1.2 Virtual reality (VR) in emergency behavior research

Conducting drills and experiments that can evoke realistic evacuation behaviors in building emergencies is difficult (Kinateder et al. 2014). The advantages of using immersive VR techniques over existing approaches allow the creation of low-risk, cost-efficient, and highly controllable virtual environments (VEs) for conducting virtual evacuation experiments (Vilar et al. 2014).

For instance, evacuees’ decision-making processes, such as route choice (Vilar et al. 2014; Kinateder et al. 2014; Meng and Zhang 2014), waiting time (Andrée et al. 2016), and helping behavior (Gamberini et al. 2015), were investigated in VR-based experiments. The impact factors of evacuee behaviors, such as social impact factors (Kinateder and Warren 2016; Kinateder et al. 2014), environmental impact factors (Duarte et al. 2014; Ronchi et al. 2016), and emergency evacuation management (Wang et al. 2014; Smith and Trenholme 2009), were also studied in experiments with VR.

Notably, researchers have validated the use of VR for examining pre-evacuation behavior under fire (Arias et al. 2019; Kinateder and Warren 2016; Bourhim and Cherkaoui 2020). Arias and colleagues (2019), for example, used the VR approach to replicate findings (pre-evacuation behaviors) from the “classic” incident—MGM Grand fire. However, they targeted their research to the validation of VR in the forensic investigation area and limited their research scope to human behaviors only when participants were trapped inside the hotel room, without considering the influence of pre-emergency activity.

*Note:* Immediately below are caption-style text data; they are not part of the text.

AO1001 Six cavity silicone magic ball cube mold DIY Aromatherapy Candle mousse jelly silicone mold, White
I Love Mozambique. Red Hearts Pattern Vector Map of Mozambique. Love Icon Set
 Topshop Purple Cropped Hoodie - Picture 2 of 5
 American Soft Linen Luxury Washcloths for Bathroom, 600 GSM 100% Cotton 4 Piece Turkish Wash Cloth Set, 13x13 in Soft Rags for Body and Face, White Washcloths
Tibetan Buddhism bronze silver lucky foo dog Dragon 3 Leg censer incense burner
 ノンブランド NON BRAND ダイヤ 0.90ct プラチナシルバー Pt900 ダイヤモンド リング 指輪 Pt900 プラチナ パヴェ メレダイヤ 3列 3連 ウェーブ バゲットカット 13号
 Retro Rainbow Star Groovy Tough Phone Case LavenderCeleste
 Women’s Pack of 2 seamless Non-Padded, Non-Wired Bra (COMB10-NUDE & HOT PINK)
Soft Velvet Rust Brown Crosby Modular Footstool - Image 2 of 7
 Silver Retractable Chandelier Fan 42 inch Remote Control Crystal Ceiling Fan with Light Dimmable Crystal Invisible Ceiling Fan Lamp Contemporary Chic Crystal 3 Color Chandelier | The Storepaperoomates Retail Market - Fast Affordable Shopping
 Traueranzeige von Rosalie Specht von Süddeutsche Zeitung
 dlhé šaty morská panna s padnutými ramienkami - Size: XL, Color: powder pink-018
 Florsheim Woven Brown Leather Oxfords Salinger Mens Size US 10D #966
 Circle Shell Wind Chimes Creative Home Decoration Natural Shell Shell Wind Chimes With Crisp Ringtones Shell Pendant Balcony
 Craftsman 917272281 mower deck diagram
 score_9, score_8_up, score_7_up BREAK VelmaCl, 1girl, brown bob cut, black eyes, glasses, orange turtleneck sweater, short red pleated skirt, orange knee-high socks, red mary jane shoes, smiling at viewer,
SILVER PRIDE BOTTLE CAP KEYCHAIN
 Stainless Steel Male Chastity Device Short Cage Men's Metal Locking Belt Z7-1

Considering the increasing use of VR-based methodology in investigating human behavior during building fire emergencies (Vilar et al. 2014; Kinateder et al. 2014), the study of critical factors that could influence emergency behaviors, mainly those that occur before people decide to evacuate (pre-evacuation behaviors), such as the engagement level in tasks, can provide insights about how to improve pre-evacuation efficiency, increasing building safety.

In this context, the main objective of this research is to verify the use of VR-based methodology as a helpful way for studying human behaviors during the pre-evacuation period of building emergencies. The specific objectives were (1) to evaluate human behavior compliance with the ISO-type evacuation alarms, as behavioral compliance is the most important and practical measurement for warning efficiency (Kobes et al. 2010); (2) investigate the influence of pre-emergency activity on evacuation efficiency; and 3) to provide a method/tool for studying the future generation of alarms.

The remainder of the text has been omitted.